In second place, profitability ratios focus on return on equity (ROE), return on assets
(ROA) and net profit margin. They show how well the management use the investment on
asset to create sales and control costs to maximize the profit. (Weetman, 2006, p. 339)
By examining the ratios, Grand Hotel is less profitable in 2010 than it was in 2009. Net
profit margin downs from 18.26% to 13.08%. Besides that, the ROE ratio which is used to
determine how much the investor can get back from their capital investment (Bragg, 2002,
p. 126). But after 2009, the ROE decreased from 97.07% to 61.02%. It might make the
investors confuse. In addition to that problems, this hotel use the assets to generate the
profit ineffectively because the ROA ratio also decreases by 14.7%. With those ratios, this
hotel has the difficulties in using financial resources to maximize the profit. The reason
might be the increasing of the inflation or interest which might leads to the increasing in
the costs and makes the profit decreases.
The ratios are decrease in 2010 but it might be understood by the reasons of global crisis.
The return on investment could be lower than previous year but the hotel has the ability to
pay off the debt by the assets, especially current assets.
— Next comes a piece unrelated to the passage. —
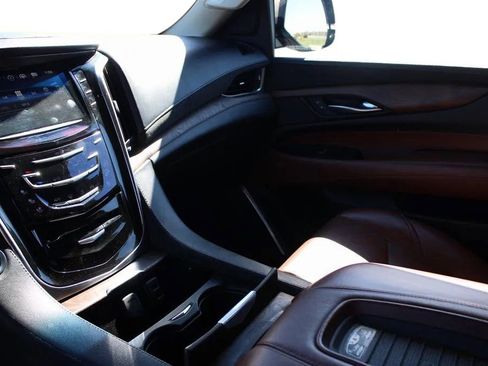 Used 2018 Cadillac Escalade Premium Luxury image 14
The hotel has longer days in
collecting debtors might be the debtors also have problems from financial crisis. But the
investors might be satisfied because the dividend cover is still high 2.96 in 2010, interest
cover is 4.86.
There is no conclusion about Grand Hotel‘s performance is good or bad. This essay is as
the suggestion about how this hotel manages their business.
Part two

Even ratio analysis is a concept that is used widely, but it has some limitations which have
to be considered before making any conclusion.

The first limitation of ratios is the accounting information. Each firm chooses the
accounting method to prepare the report. Such as straight-line or decreasing balance
method which is used for depreciation assets. Depreciation is non-cash account but it
affects the result of income statement. So it affects the ratios such as net profit margin.
Besides that, for inventory, one firm can use LIFO method while another uses FIFO
method. That makes the financial statement is different and leads to different ratios.
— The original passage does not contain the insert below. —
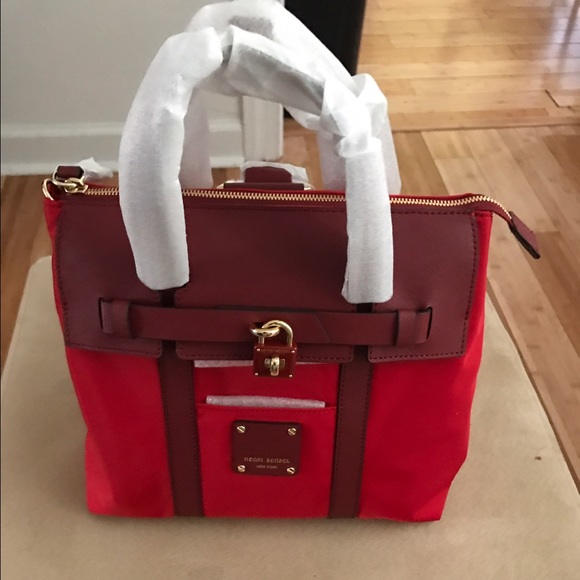 Henri Bendel mini jet setter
The second is the financial statement. It could come from the accounting concept. The
numbers are recorded should be historical data. However, the market price changes,
affect the value of assets. And the ratios are also affected such as the ROA.
Besides that, Stephen A. Ross et al (2010) mentions that “the different firms end their
fiscal years at different times”. For the firms depend on the season like hotel, there are the
fluctuations in accounts and that leads to the difficulties in comparing the balance sheet.

Another limitation is some ratios have positive effect but some are not. The difference in
value of numbers makes the situation is so complicated. It might be because there does
not have any standard or formulate calculating system for the ratios analysis. So different
investors or in different countries, they have their own way in calculating the ratios. And it
makes the decisions are made difficultly.
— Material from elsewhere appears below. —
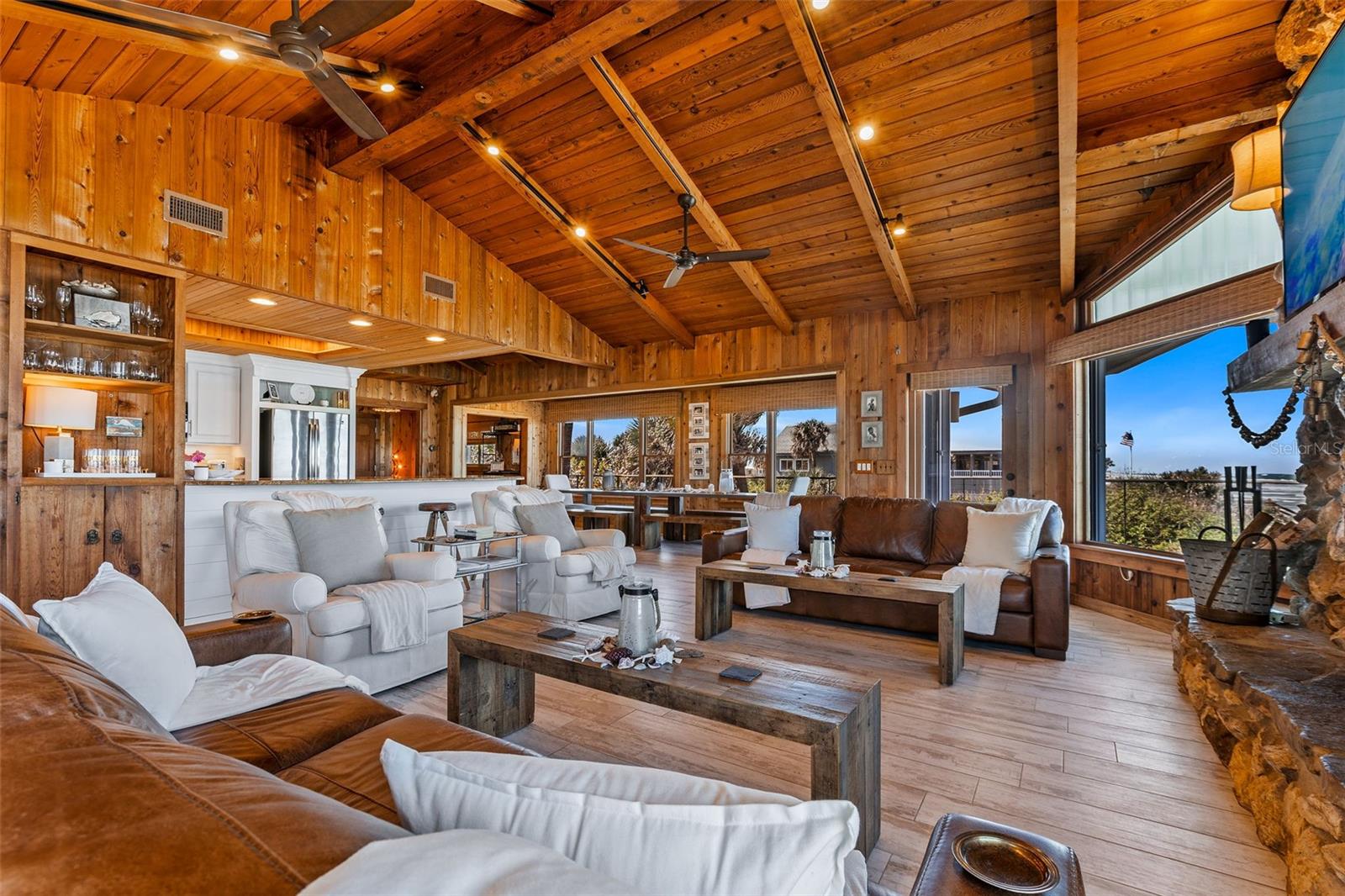 SILVER SANDS SEC D - Residential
The last limitation in this essay is the ratios are suitable for each industry or the size of the
firms. For example, according Reuters, UK (2011) the P/E ratio in hotel industry is 31.08,
but in beverages industry is 36.65 or 14.68 in personal services industry. Besides that, for
huge firms in different industry, the mistake of the ratios or comparison is more
complicated. It could be mistake in consolidation or different industries. So the ratios
analysis could be a useful method when applying in small or medium size firms.
The ratio analysis is not the final decision; it is just the tool which supports for decision
making or recommendations. Certainly, it can be changed by times or the skill of an
analyst. So besides the ratio analysis, the investigation for more information is necessary.

Ratio analysis is still the useful method for the investors in decision making process. It can
show what happens with the inventory, sales, cash or how well a firm satisfies their
shareholders. The more ratios are linked, the clearer whole finance picture of a firm is.
Once again, this method has to be combined with other information to get the final
conclusion about the good or bad of a firm’s performance.